What the task asks: Each record should be copied exactly into the answer, and no picture should go with it.

Listed records:
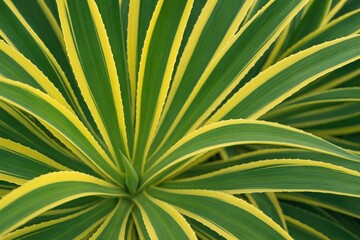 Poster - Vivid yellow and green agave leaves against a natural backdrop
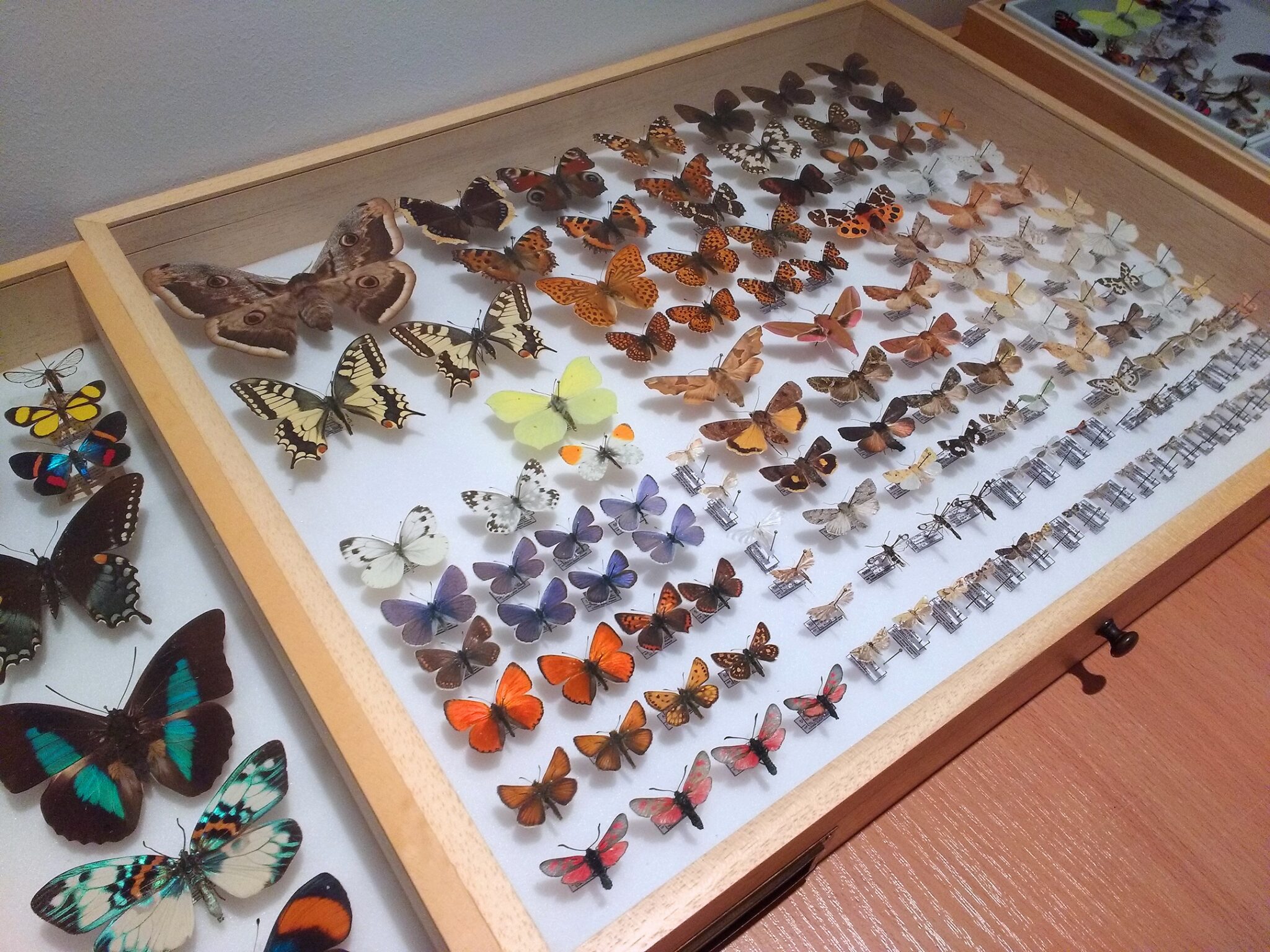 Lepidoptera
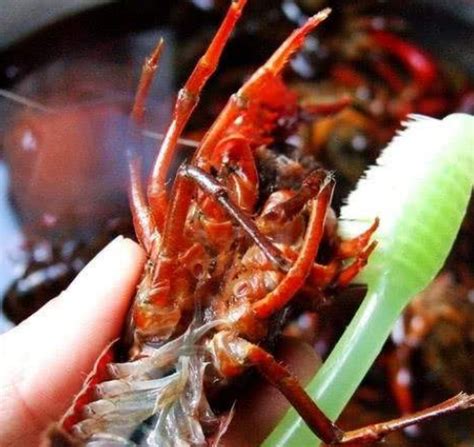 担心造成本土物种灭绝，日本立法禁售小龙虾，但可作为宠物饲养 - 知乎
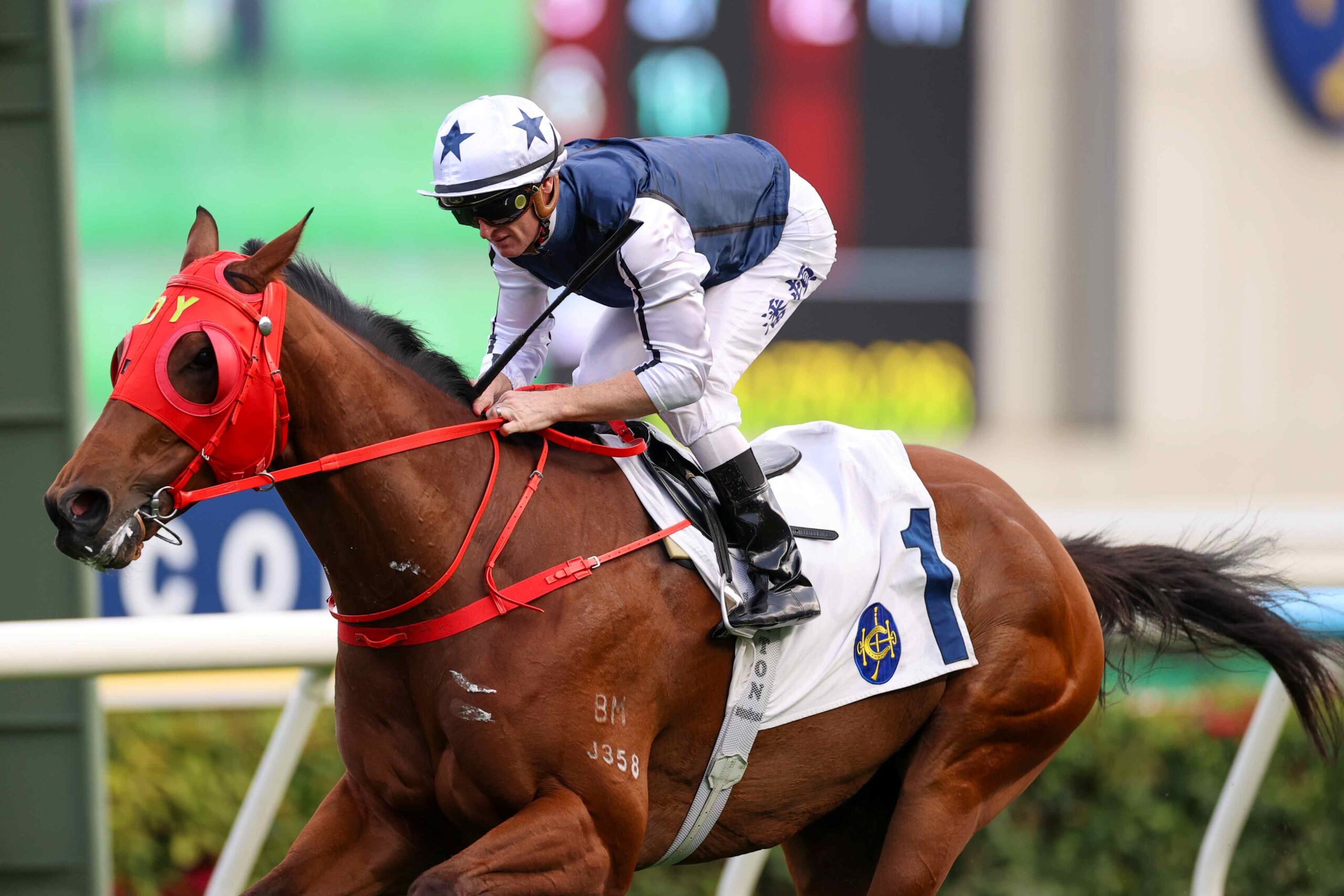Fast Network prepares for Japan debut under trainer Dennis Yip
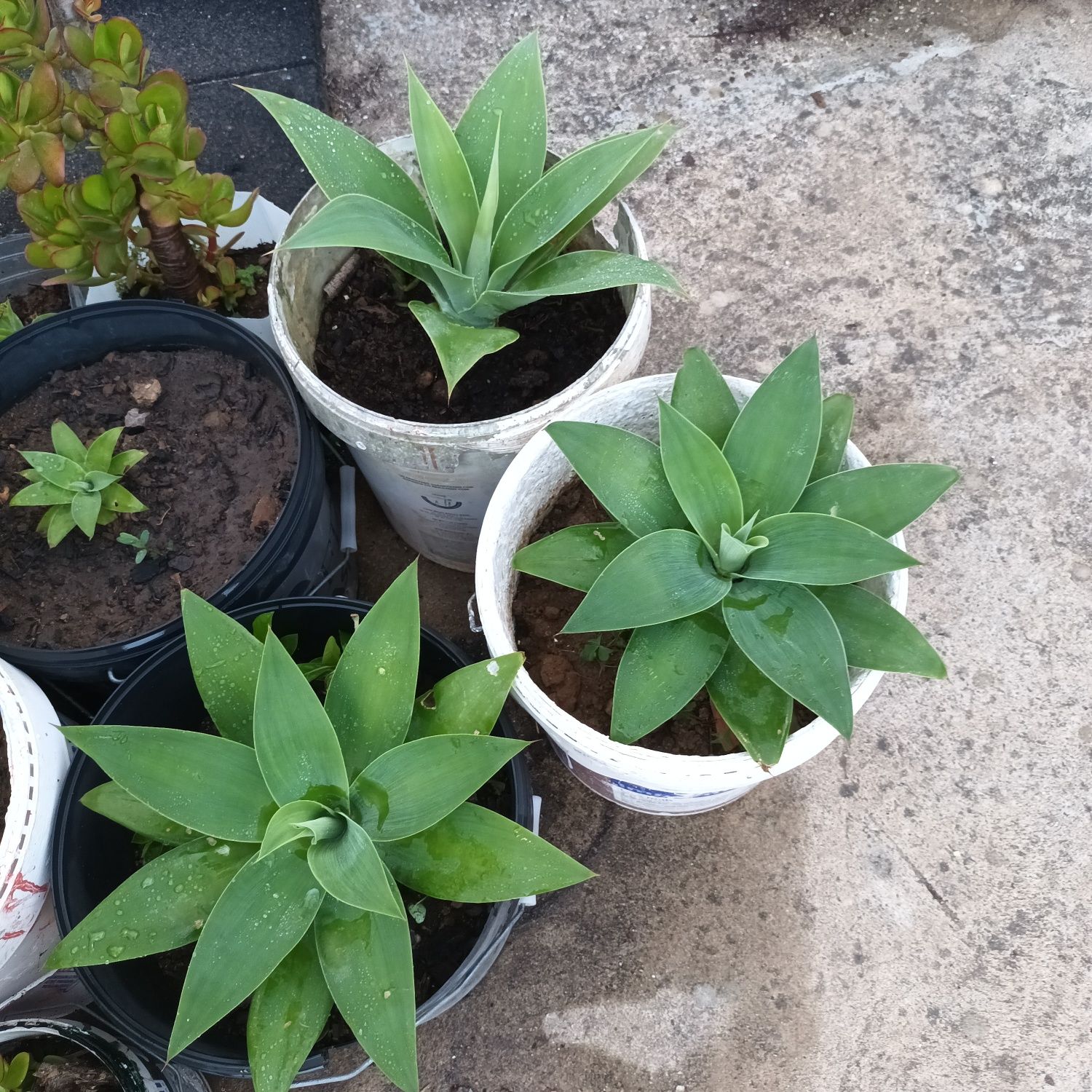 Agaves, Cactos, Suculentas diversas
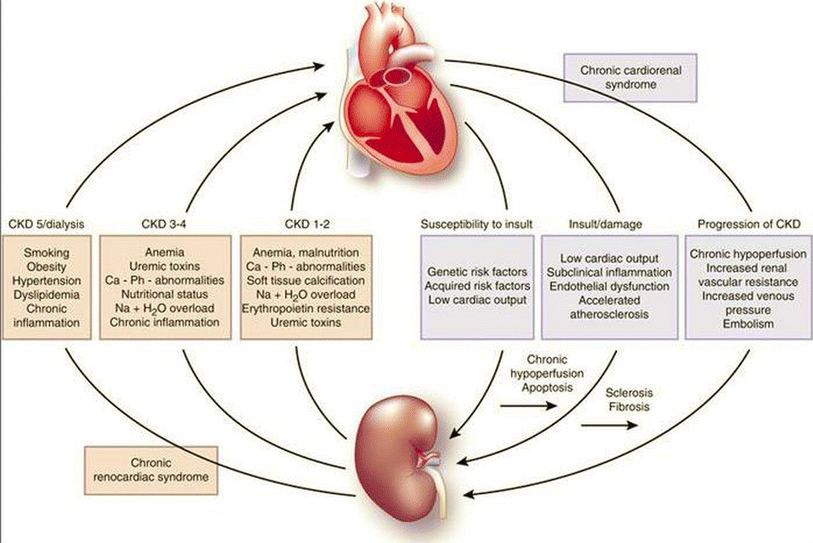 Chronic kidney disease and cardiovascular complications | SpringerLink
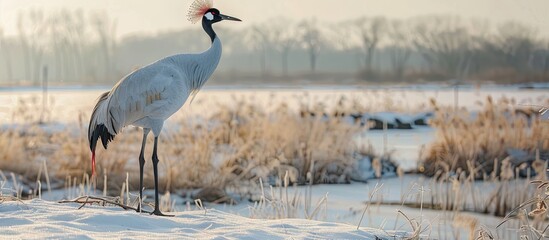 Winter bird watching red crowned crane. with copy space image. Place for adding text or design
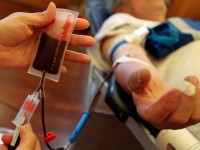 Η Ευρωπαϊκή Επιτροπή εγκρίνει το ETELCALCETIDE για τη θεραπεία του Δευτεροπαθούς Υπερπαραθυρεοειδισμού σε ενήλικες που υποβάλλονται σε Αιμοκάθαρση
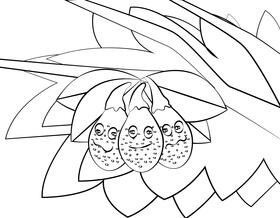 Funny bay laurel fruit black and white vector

Response area:
 Poster - Vivid yellow and green agave leaves against a natural backdrop
 Lepidoptera
 担心造成本土物种灭绝，日本立法禁售小龙虾，但可作为宠物饲养 - 知乎
Fast Network prepares for Japan debut under trainer Dennis Yip
 Agaves, Cactos, Suculentas diversas
 Chronic kidney disease and cardiovascular complications | SpringerLink
 Winter bird watching red crowned crane. with copy space image. Place for adding text or design
 Η Ευρωπαϊκή Επιτροπή εγκρίνει το ETELCALCETIDE για τη θεραπεία του Δευτεροπαθούς Υπερπαραθυρεοειδισμού σε ενήλικες που υποβάλλονται σε Αιμοκάθαρση
 Funny bay laurel fruit black and white vector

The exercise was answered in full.